Which nationalities made up the largest shares of deportations in FY2024 and FY2025 and did that composition change?
Executive summary
ICE and related reporting show Mexico was the largest single nationality in recent U.S. deportations: Mexico accounted for the majority or plurality of removals in multiple datasets and news accounts covering FY2024 and the early FY2025 surge [1] [2] [3]. Sources indicate a sharp rise in overall removals between FY2024 and FY2025 and that the composition tilted even more toward Mexicans in FY2025, but public ICE tables and outside researchers flag data irregularities and incomplete releases that limit definitive, fully comparable country-by-country shares across the two years [4] [3] [2].

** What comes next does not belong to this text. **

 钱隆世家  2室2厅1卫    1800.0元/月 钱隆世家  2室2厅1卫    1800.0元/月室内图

1. Mexico dominated deportations; other Central American nationalities trailed
Multiple compiled datasets and press analyses identify Mexicans as the single largest nationality removed from the United States in the 2024–25 period; one aggregator lists nearly three million removals for Mexico over a longer time window, far above the next countries—Guatemala, Honduras and El Salvador—showing the same ranking pattern that news outlets and researchers document for FY2024–FY2025 [1] [5] [2]. Migration Policy Institute and news reporting describe Mexicans as a growing share of removals into FY2025, where Mexican-origin encounters and deportations rose relative to other nationalities [3] [2].
2. Aggregate deportation totals rose sharply between FY2024 and FY2025
ICE and congressional and media summaries report a substantial jump in removals: 271,484 removals in FY2024, the highest in a decade, and independent estimates put ICE removals near or above several hundred thousand in FY2025 [5] [3]. That overall increase changed the scale of deportation flows and, according to several sources, amplified the absolute number of Mexicans removed even if precise percentage-point shifts differ between datasets [5] [3].

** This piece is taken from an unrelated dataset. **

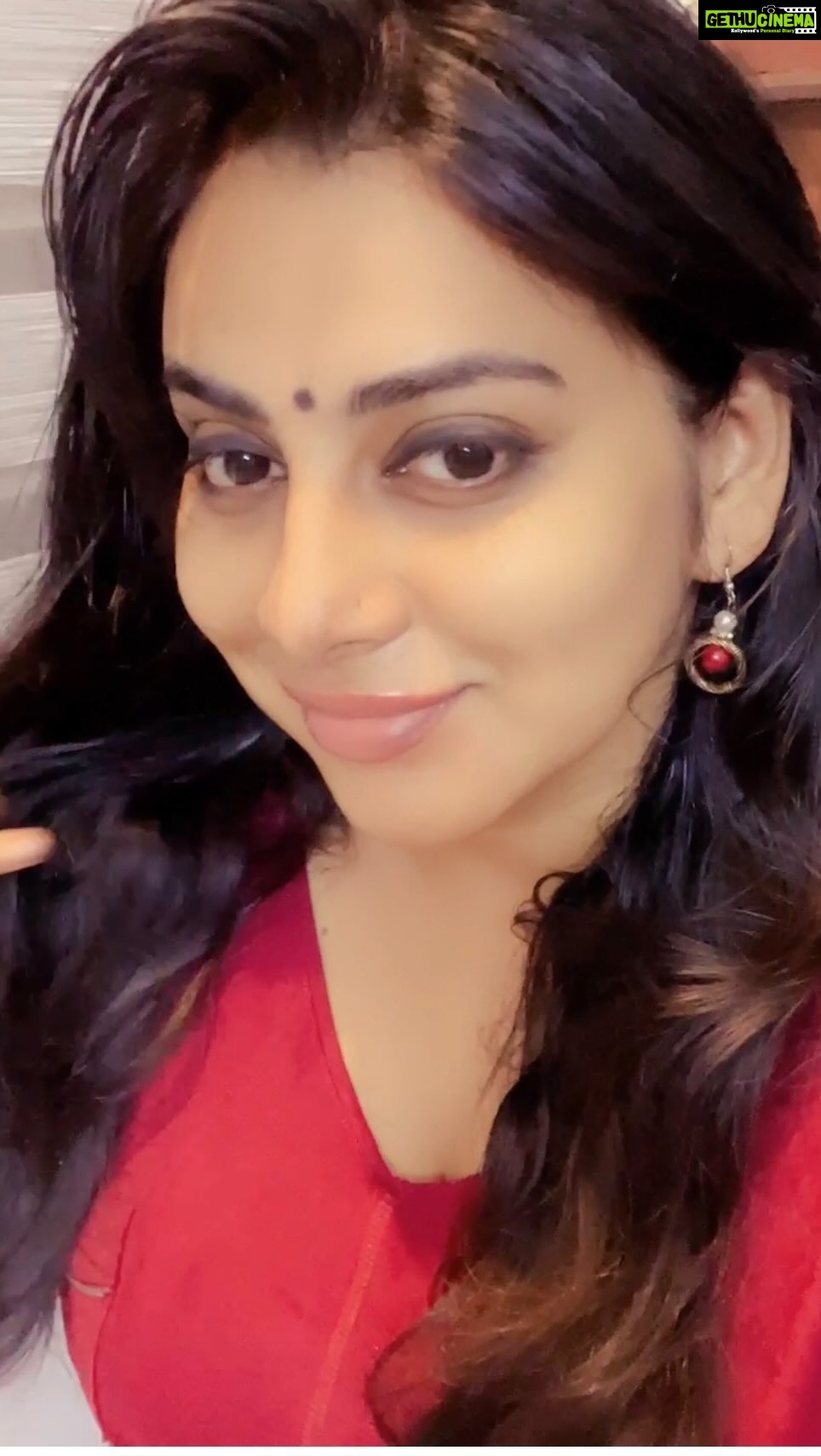 Anna Rajan Instagram - Oru video edukkal aparatha😂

3. FY2025 composition shifted toward Mexico, per multiple sources
Reporting from Newsweek and analysis from MPI and other outlets indicate that Mexicans became a larger share of removals in FY2025 compared with FY2024—Border Patrol encounters and ICE deportation records both show Mexico’s share rising through 2025 [2] [3]. The Guardian and other outlets likewise used ICE/CBP releases to document that Mexican nationals accounted for a growing fraction of enforcement actions over the FY2025 year [6] [3].
4. Data quality problems complicate year‑to‑year comparisons
Independent researchers warn that ICE’s posted removals files contained omissions and inconsistencies across early releases; the Deportation Data Project and others recommend using corrected “late July” datasets because earlier files mistakenly included or excluded categories such as expedited removals and voluntary returns, which distort nationality shares [4]. DHS and ICE have also changed the scope and cadence of public tables, producing gaps that prevent a clean apples‑to‑apples national‑origin comparison for some months [3] [4].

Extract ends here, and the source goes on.